A BITTER war of words has erupted between prison officers and the management of the nation's jails over a decision by staff to go ahead with industrial action.
Prison officers stopped work for an hour yesterday at the State's biggest remand jail in Cloverhill, west Dublin, in a row over staffing levels there.
Similar action will be taken at Cloverhill again this afternoon and at Mountjoy next Thursday and Friday.
The two sides are presenting conflicting versions of the background to the dispute.
Officials in the Irish Prison Service (IPS) say that the staff levels at Cloverhill are almost 10 above the number agreed under the Haddington Road deal.
And they blame the perceived staffing difficulties there on the number of officers on sick leave in certain areas.

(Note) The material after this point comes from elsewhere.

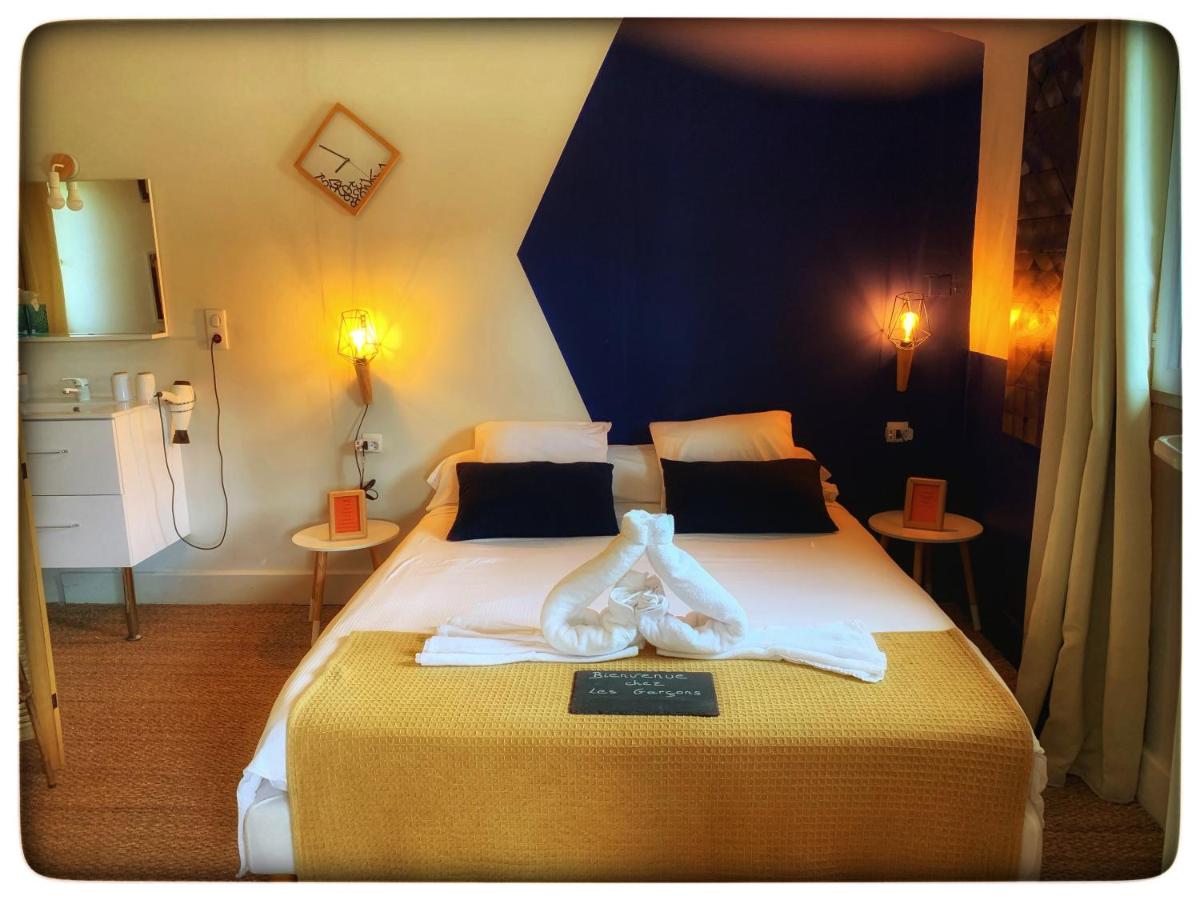 Queen Room with Pool View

But this is disputed by the Prison Officers Association (POA), whose national leaders say that while numbers are up in some areas they are down in others.

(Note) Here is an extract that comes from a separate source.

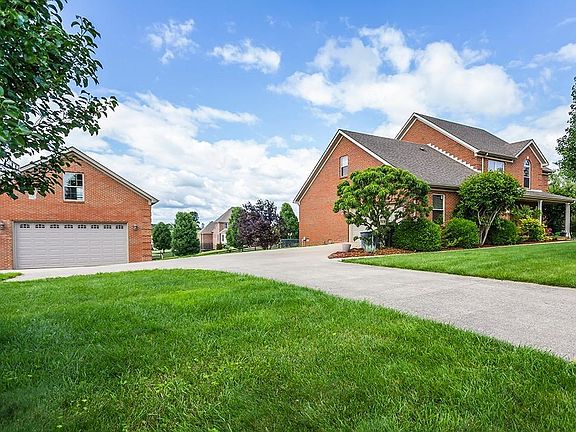 3rd image of 2024 Indigo Dr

They also claim that their members are under extra pressure because of increased tension in the jail, whipped up by serious criminals, led by a major gangland figure from Dublin's south inner city.
This has resulted in two serious assaults on officers within the past fortnight.

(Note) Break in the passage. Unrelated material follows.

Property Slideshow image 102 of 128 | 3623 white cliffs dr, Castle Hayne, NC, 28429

Cloverhill is generally a remand prison but at the moment includes 91 sentenced inmates.
The IPS said it was extremely disappointed with the decision to press ahead with the one-hour work stoppage and claimed that it had reached an agreement with the POA to call off the protest after talks at the Labour Relations Commission on Wednesday evening.
This was denied by the POA, whose deputy general secretary Jim Mitchell said they had agreed to bring proposals from those talks back to the local branch at Cloverhill to determine if they were acceptable.
But the proposals were rejected by the branch, who decided to continue with the plans for industrial action. He said his association was always available for talks and a further meeting had been scheduled at the LRC for Tuesday.
Mr Mitchell said the action had gone ahead primarily because of a lack of staff on the landings and the knock-on safety issues, with officers concerned about the increased risks to their safety.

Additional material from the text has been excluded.